A second opinion is always good!
Why not nand and just pull factoryfs.img that way
Indeed.. You could. That would work too.
UPDATE: I just pulled mine. I reflashed to my old UCKH7 build (wiped and flashed just the basics) and back to my new UCKK6 build plus all my data, etc. It all seemed to work.
jivy26 said:
Why not nand and just pull factoryfs.img that way
Click to expand...
Click to collapse
I've never lived in linux land, so I don't have the background to quickly grasp this. I know nand is our phone's memory, but what does your statement mean? I'd appreciate it if you could explain a little. I'd be happy with something to study, but I don't even know what to look for.
creepyncrawly said:
I've never lived in linux land, so I don't have the background to quickly grasp this. I know nand is our phone's memory, but what does your statement mean?
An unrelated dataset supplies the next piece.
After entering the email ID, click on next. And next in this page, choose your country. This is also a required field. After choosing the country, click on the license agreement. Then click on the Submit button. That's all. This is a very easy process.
I'd appreciate it if you could explain a little. I'd be happy with something to study, but I don't even know what to look for.
Click to expand...
Click to collapse
On the rooted system I assume you have CWM as well. If that is the case go into CWM backup your phone then boot up the phone. Mount SDCARD and navigate to Clockworkmod > backup > then whatever date and time you backed up and you will see factoryfs.img in there as well as other img files.
jivy26 said:
On the rooted system I assume you have CWM as well. If that is the case go into CWM backup your phone then boot up the phone. Mount SDCARD and navigate to Clockworkmod > backup > then whatever date and time you backed up and you will see factoryfs.img in there as well as other img files.
Click to expand...
Click to collapse
Jivy,
I'm not sure on yours, but my folders only have 3 tar files (cache.ext4.tar, data.ext4.tar, system.ext4.tar) and a 2 img's (boot and recovery). They are each only 8mb. The tar files have all the data. They reflash fine in CWM, but they are not odiin compatible.
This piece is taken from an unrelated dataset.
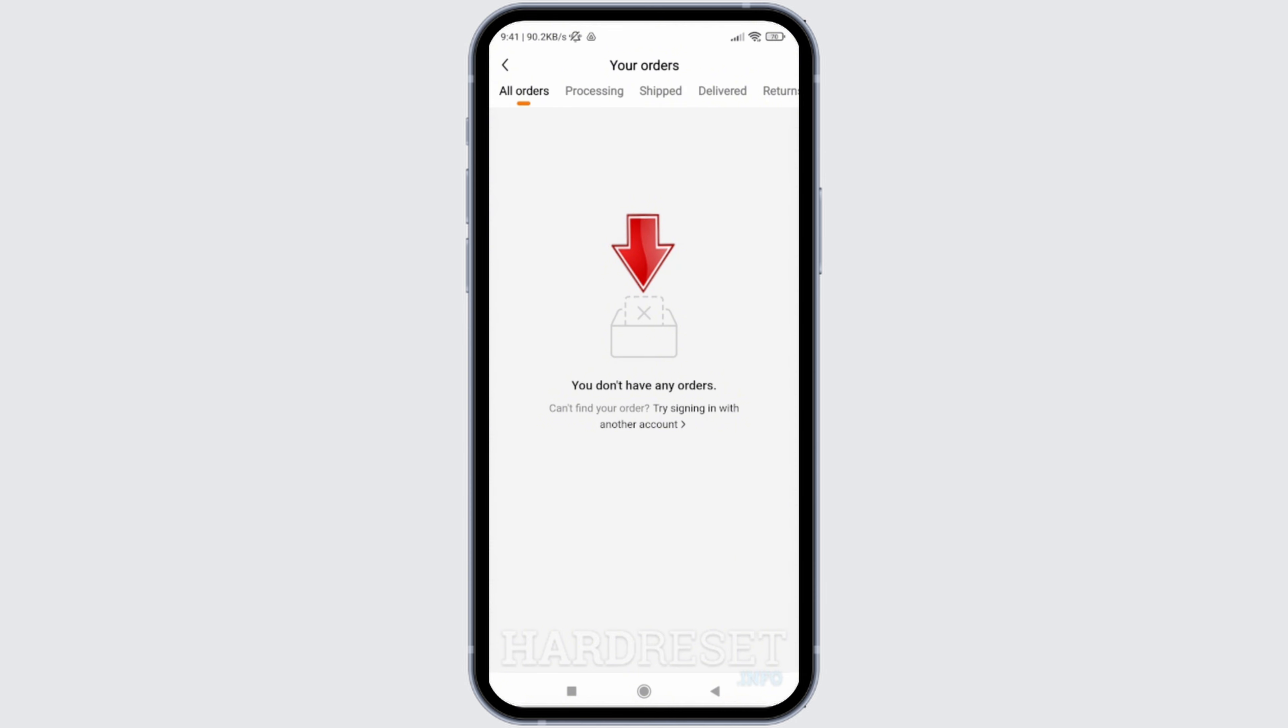you will be able to see those items listed in this Your Orders section. If the item has already been delivered to you, you will see it in the Delivered section. If you have returned any item using Timu, you will see it in the Return section. Or if your item is still on the way, you will see it in Processing and Shipped options.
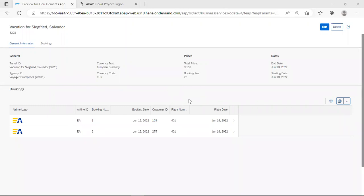In this video, we learned how to create a text table for our currency, how to use it, how to insert data within the table, and how to capture this currency in our app. Finally, you saw how to update the CDS entity data using our Fiori app. In the next video, I'll show how to update the CDS data directly without using a Fiori app.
Also for the non-rooted system try this, assuming you have Android-sdk installed.
Plug phone into PC with usb debugging enabled.
Download busybox here
Put it on c:\
Run CMD with Admin privileges.
Below are the commands you will type in CMD. For below I am assuming your SDK is in the same location as default, if not just change as neccessary.
cd\
cd program files
cd android-sdk
cd platform-tools
adb devices (to make sure your phone shows up)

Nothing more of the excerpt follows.